I've got here via Google and the answers got me on the right track for Django CMS 3 Beta. To extend the page model and hook your extension into the toolbar, you can follow along the official documentation:
http://django-cms.readthedocs.org/en/latest/how_to/extending_page_title.html
Access value in template
{{ request.current_page.<your_model_class_name_in_lowercase>.<field_name> }}
For example, I extended the page model with this model:
from django.db import models
from cms.extensions import PageExtension
from cms.extensions.extension_pool import extension_pool
class ShowDefaultHeaderExtension(PageExtension):
show_header = models.BooleanField(default=True)

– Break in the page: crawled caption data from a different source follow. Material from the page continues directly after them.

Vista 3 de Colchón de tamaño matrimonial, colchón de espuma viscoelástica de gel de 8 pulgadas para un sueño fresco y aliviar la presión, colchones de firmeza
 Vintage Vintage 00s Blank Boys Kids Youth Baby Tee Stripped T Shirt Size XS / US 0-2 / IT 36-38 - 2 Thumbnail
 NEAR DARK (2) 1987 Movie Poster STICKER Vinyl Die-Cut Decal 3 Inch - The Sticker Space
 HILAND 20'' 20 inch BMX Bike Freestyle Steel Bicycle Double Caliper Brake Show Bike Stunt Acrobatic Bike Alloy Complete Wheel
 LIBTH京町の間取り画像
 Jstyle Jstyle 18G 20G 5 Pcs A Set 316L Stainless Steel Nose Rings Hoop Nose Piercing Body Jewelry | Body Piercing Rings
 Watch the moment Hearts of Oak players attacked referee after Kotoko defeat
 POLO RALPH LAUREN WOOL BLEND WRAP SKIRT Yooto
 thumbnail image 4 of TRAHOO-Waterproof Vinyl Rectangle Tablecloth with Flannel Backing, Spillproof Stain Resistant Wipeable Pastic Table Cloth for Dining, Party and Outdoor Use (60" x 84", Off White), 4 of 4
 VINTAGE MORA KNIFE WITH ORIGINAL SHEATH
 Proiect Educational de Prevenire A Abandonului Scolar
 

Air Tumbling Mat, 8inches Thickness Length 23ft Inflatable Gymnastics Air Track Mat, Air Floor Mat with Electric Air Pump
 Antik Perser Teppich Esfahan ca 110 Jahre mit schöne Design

extension_pool.register(ShowDefaultHeaderExtension)
To access its values in the template:
{{ request.current_page.showdefaultheaderextension.show_header }}

Since I dont have enough reputation I cannot comment on Timmy O'Mahony's Post directly. However I want to note that the proposed solution of adding a StackedInline Object to the PageAdmin.inlines list does not work any more as supposed.
I'm working with Djangocms 3.3 and somewhere between Timmy O'Mahony's version any mine the authors changed the semantic of the inline List. It's content is now shown in the Permissions Menu for that specific page (including possibly added futher StackedInline or TabularInline items).